Back when Bitcoin was introduced to the world in 2008, early adopters of the cryptocurrency were brought to believe that it not only solved the intermediary problems in the traditional financial system, it could offer anonymity to its users. Indeed, anyone transacting in Bitcoin does not have to reveal their identity to the fund’s recipient. Moreover, the underlying blockchain technology ensures that transactions are immutable and transparent, eliminating any risk pertaining to the Bitcoin transaction.

However, with the existence of publicly available blockchain explorers and blockchain analytics services, it is now possible for anyone to track one’s transaction history so long as they know the sender’s Bitcoin address. Those tools allow interested parties to piece together the origin of the Bitcoin transaction. Hence, Bitcoin users can be identified via public keys, and the Bitcoin address shared to the recipient (e.g. merchants), since public keys can be traced to the particular IP address of the owner of the Bitcoin wallet.

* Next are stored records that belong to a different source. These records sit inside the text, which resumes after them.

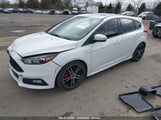 FORD FOCUS ST 1FADP3L94GL219454 снимка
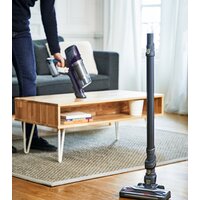 Пылесос Tefal X-pert 6.60 Allergy TY6838WO - Превью изображения №4 — Интернет-магазин ПроЗаказ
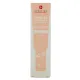 Erborian Super BB Concealer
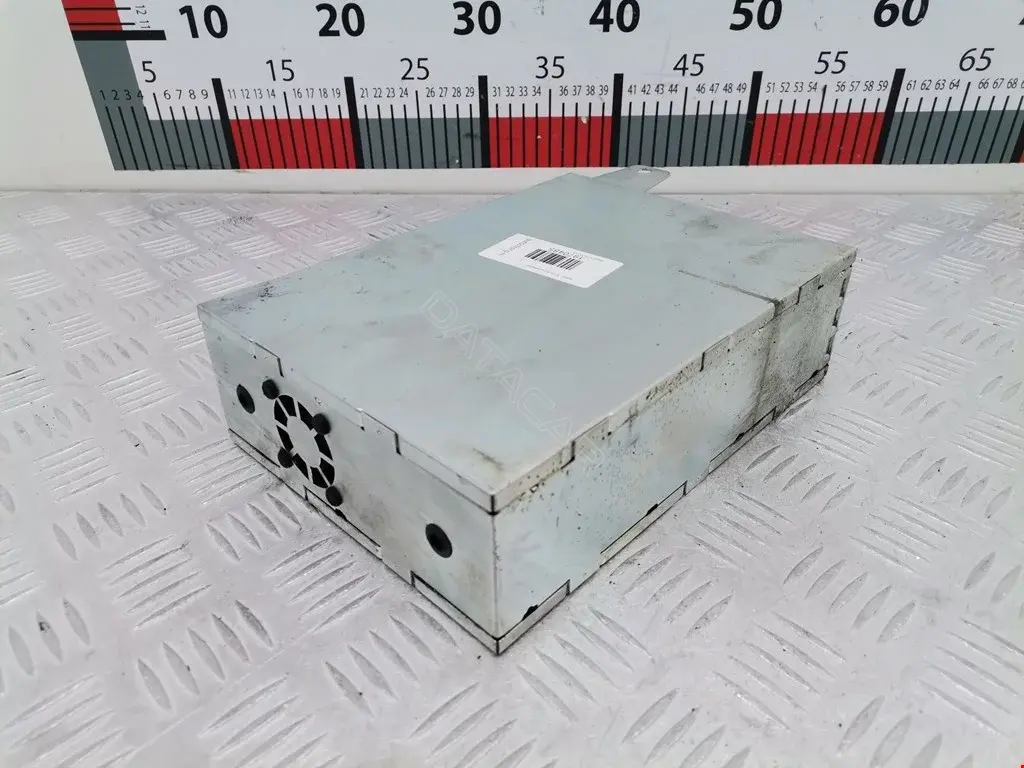 TV тюнер 532244809, 65506968041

Many investors have also entrusted their favorite cryptocurrency exchanges, as they trade and store their Bitcoin assets on their exchange’s wallet, which makes tracking relatively easy. This is because most cryptocurrency exchanges now have to comply with regulations set by many governments, which requires exchanges’ users to undergo KYC procedure, so as to declare their actual identities to the exchange, and subsequently the government. As a result, the once-believed anonymity in Bitcoin is no longer valid in today’s context as governments and regulators doubled down on identifying users of Bitcoin and other cryptocurrencies.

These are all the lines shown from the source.